*Records shown:*
--------------------------------------------------

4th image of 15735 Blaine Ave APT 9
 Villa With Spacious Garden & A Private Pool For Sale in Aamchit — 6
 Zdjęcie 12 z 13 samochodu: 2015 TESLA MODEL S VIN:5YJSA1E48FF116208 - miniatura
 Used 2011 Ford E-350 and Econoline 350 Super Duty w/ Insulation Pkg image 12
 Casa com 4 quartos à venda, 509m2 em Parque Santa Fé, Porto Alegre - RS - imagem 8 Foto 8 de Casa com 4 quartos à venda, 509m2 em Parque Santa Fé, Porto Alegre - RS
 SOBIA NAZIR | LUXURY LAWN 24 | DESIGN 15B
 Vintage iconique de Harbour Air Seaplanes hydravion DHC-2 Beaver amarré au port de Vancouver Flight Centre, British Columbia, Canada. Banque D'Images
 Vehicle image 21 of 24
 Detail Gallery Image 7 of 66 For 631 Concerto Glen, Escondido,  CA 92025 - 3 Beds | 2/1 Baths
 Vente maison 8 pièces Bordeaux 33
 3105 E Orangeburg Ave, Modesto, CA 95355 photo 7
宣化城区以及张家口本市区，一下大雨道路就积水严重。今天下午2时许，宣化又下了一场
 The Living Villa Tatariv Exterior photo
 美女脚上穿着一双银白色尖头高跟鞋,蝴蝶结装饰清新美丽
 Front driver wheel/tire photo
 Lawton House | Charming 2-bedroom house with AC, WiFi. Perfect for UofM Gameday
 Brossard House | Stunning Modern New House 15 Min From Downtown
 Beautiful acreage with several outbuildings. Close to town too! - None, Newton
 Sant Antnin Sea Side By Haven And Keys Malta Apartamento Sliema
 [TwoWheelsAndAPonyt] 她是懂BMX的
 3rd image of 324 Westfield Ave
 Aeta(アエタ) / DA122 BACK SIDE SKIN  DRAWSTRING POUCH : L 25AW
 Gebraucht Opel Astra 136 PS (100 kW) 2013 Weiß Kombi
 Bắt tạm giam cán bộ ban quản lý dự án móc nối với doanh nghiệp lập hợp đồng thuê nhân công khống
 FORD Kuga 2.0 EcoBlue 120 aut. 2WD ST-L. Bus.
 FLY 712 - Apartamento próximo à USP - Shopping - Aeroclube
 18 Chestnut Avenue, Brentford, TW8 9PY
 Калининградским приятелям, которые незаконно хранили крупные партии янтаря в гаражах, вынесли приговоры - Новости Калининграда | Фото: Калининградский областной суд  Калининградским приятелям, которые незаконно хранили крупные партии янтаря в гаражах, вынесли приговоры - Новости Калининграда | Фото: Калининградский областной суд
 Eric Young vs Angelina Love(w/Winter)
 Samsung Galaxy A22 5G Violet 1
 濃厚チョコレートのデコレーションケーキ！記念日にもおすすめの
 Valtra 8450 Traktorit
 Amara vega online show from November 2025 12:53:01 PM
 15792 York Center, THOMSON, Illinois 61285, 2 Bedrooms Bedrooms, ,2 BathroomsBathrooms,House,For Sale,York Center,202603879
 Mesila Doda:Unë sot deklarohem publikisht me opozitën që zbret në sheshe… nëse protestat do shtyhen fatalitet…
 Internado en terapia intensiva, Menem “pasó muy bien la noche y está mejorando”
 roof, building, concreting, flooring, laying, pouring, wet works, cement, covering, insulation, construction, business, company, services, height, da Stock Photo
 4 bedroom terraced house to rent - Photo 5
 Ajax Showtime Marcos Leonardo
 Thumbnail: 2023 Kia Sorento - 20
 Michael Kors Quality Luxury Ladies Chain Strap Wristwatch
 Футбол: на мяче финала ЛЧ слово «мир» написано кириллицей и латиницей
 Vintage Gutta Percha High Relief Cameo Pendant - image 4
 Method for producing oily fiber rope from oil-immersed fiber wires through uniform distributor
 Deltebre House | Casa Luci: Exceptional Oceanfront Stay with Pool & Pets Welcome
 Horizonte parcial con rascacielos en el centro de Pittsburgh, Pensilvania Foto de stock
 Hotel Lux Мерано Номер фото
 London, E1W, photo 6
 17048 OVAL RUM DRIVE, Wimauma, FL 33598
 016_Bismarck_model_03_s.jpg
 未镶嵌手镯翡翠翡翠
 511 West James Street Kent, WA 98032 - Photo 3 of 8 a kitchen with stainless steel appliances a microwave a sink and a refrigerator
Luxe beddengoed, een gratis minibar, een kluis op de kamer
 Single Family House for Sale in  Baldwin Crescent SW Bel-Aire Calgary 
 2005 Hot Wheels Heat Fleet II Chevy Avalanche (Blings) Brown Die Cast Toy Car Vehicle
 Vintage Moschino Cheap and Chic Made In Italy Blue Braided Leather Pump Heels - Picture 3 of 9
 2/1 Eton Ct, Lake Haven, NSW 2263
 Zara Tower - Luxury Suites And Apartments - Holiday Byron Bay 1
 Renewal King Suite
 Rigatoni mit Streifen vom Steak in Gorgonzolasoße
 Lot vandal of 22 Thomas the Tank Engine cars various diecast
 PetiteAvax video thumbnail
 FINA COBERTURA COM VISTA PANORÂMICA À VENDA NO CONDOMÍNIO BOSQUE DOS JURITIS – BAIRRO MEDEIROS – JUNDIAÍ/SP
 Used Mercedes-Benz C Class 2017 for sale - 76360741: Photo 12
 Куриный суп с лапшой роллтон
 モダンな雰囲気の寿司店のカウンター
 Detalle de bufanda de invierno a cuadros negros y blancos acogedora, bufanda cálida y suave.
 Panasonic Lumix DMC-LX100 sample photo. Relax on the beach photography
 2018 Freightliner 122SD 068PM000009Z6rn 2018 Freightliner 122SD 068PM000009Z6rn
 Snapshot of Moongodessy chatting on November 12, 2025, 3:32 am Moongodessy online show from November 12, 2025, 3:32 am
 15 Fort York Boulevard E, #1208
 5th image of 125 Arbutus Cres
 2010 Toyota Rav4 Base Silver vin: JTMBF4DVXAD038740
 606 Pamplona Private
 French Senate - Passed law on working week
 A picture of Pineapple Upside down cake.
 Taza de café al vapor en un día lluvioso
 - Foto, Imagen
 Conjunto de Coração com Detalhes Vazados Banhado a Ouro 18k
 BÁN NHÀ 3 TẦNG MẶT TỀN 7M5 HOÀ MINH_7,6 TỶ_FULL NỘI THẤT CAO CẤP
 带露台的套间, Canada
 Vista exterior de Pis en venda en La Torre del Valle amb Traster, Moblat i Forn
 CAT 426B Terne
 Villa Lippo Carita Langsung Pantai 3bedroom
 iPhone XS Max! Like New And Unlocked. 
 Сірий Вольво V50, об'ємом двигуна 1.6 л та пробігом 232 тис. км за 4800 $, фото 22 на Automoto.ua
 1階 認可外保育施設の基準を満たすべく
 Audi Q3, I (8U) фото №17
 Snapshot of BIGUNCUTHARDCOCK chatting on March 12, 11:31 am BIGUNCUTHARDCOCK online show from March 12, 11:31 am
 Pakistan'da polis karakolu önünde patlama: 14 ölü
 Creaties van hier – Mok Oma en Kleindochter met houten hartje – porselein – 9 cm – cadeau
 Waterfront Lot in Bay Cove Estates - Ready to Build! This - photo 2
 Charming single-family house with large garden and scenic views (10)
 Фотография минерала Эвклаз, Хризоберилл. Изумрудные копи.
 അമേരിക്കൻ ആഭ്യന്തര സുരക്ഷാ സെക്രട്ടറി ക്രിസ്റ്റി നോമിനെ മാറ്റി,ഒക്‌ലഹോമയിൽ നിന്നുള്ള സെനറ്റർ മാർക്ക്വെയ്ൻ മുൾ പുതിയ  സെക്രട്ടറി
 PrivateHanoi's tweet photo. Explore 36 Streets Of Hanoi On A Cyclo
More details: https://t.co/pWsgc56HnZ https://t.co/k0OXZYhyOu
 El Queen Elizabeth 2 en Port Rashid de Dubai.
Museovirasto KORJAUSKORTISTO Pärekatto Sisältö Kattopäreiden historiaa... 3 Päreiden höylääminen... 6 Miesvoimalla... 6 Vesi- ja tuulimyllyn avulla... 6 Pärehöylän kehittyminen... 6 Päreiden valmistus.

--------------------------------------------------

*Try it:* Write down, word for word, the lines above from the one containing "Vista exterior de" through the one containing "Creaties van hier", both ends included.

*Exercise result:*
 Vista exterior de Pis en venda en La Torre del Valle amb Traster, Moblat i Forn
 CAT 426B Terne
 Villa Lippo Carita Langsung Pantai 3bedroom
 iPhone XS Max! Like New And Unlocked. 
 Сірий Вольво V50, об'ємом двигуна 1.6 л та пробігом 232 тис. км за 4800 $, фото 22 на Automoto.ua
 1階 認可外保育施設の基準を満たすべく
 Audi Q3, I (8U) фото №17
 Snapshot of BIGUNCUTHARDCOCK chatting on March 12, 11:31 am BIGUNCUTHARDCOCK online show from March 12, 11:31 am
 Pakistan'da polis karakolu önünde patlama: 14 ölü
 Creaties van hier – Mok Oma en Kleindochter met houten hartje – porselein – 9 cm – cadeau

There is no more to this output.